As in many other countries, it is unclear whether the currently reported reserve number represents the actual reserves or the original in place reserves. Assuming that the reported 37 Gb refers to original in place reserves, the total production between 1980 and 2014, about 25 Gb, needs to be taken into account for the future production estimates. Under this extreme scenario, the remaining reserves would be more like 12 Gb, and the current production could only be maintained for another decade. In the absence of better data, it is assumed that the current plateau-like production of about 2.5 mbd will be maintained until 2020. Afterwards, the production is modelled to start the 3 %/year decline followed by 6 %/year from 2025 onwards. The total extraction from 2015 to 2050 is modelled to be about 17 Gb.
The other important oil producer and oil-exporting country is Angola. The production in 2014 was 1.74 mbd, about 5 % smaller than the average production between 2009 and 2013. The years 2014–2018 are thus assumed to correspond to the 3 %/year decline period. Accordingly, the modelled 2020 and 2030 production will be about 1.4 and 0.7 mbd, respectively. The total modelled oil production until 2050 is thus predicted to be about 10 Gb, which matches the reserve numbers given by BP of 12.7 Gb and the EIA of 9 Gb.
The production from all the other smaller producing sub-Saharan African countries in 2014 was 1.4 mbd. This significant decrease from the 1.7 mbd produced in 2010 might be explained by the very unstable political and economic situation in many African countries. For Egypt, it is assumed that the current production can be kept stable until 2020, and that the 3 %/year decline will start in 2021. The total production is modelled to be 1.5 and 0.9 mbd in 2020 and 2030, respectively. Their combined total production to 2050 corresponds to about 12 Gb, which is slightly smaller than the totalled estimated reserves of 15.2 (BP) and 16.6 (EIA).
South and Central America
Overall, only Brazil, Venezuela and Ecuador are known to have considerable oil reserves. However, a large fraction of these reserves, are very difficult to exploit. Examples are the unconventional oil sands in Venezuela (about 220 of the 298 Gb), the recently found very deep-sea oil in Brazil (about 10 of the total 15 Gb) and the oil in the biodiversity-rich and partially protected Amazon region of Ecuador (total 8.8 Gb).
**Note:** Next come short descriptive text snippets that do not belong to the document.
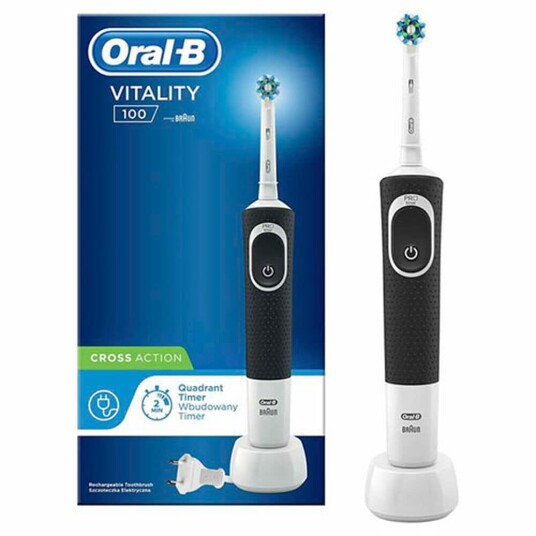Oral-B Vitality D100 Elektrisk Tannbørste med Roterende og Vibrerende Teknologi, Sort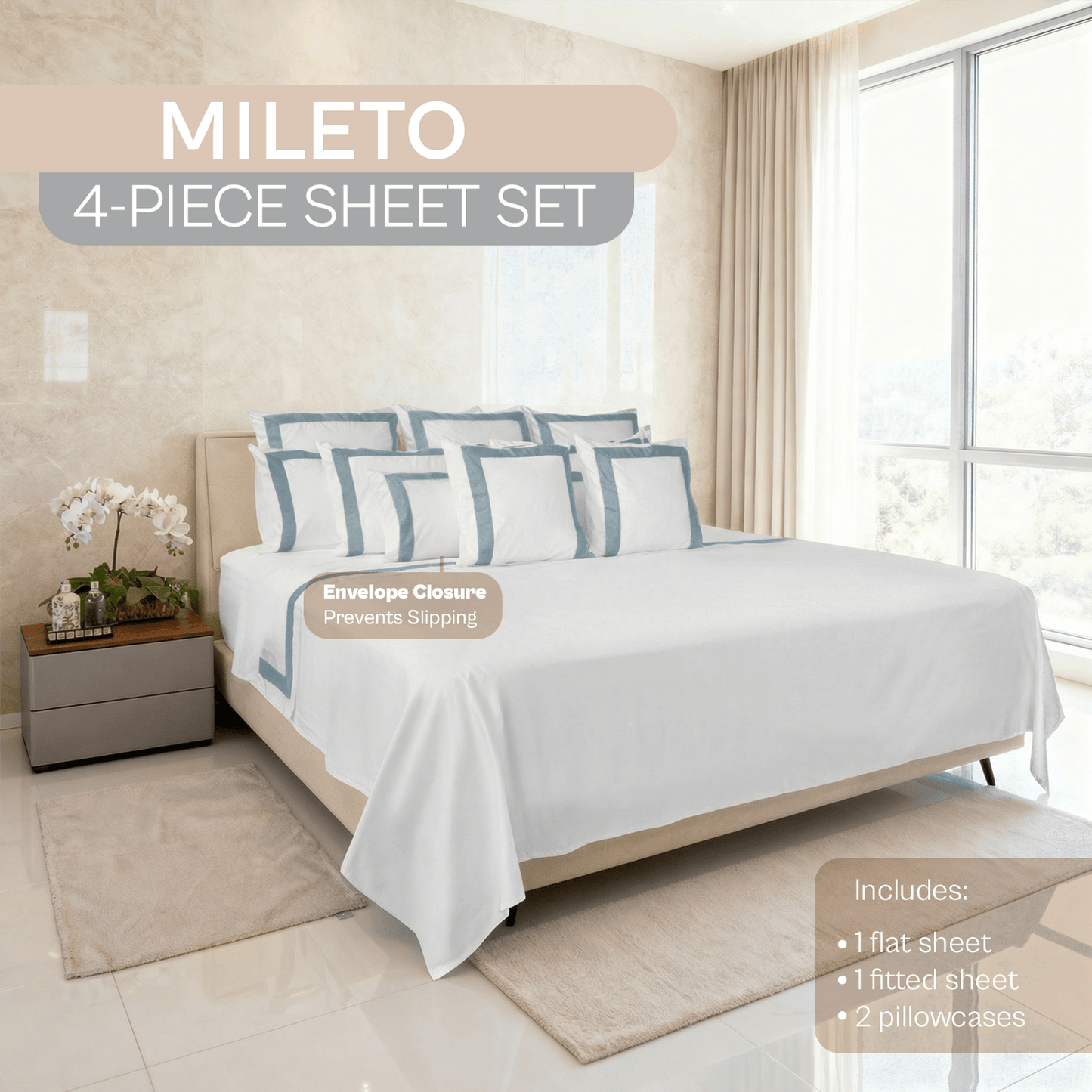 Spring by Rosse™ Mileto Sheet Set | 100% Cotton | 500 Thread Count Oeko-Tex Certified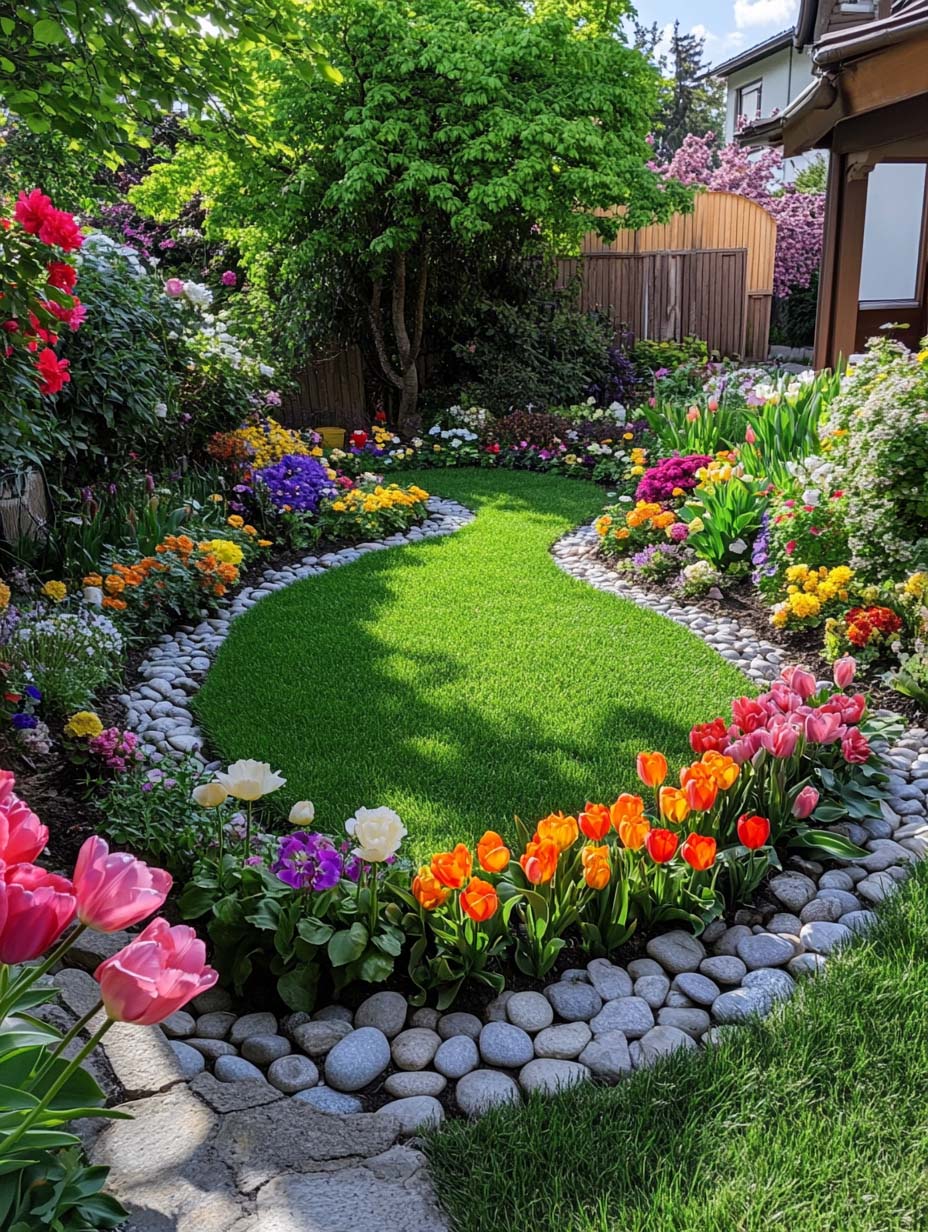 8. Colorful Floral Border Along a Curved Lawn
The reserves of all other countries in South and Central America combined are given as 7.2 Gb.
During the last 5 years, the crude oil production in South and Central America increased by 7 % from 6.7 (2010) to 7.1 mbd (2014). The consumption of all liquids during this period increased by 14 % to about 7.1 mbd in 2014. Most of this production increase came from Brazil (from 2.06 to 2.26 mbd) and Colombia (0.79 to 0.99 mbd). Brazil, despite its production increase, remains a large importer with an annual average of about 1 mbd. Due to the relatively low internal per capita oil consumption, Venezuela, Columbia and Ecuador consumed internally only a small fraction of the produced oil. The 2014 exports are reported as 1.9, 0.7 and 0.3 mbd, respectively.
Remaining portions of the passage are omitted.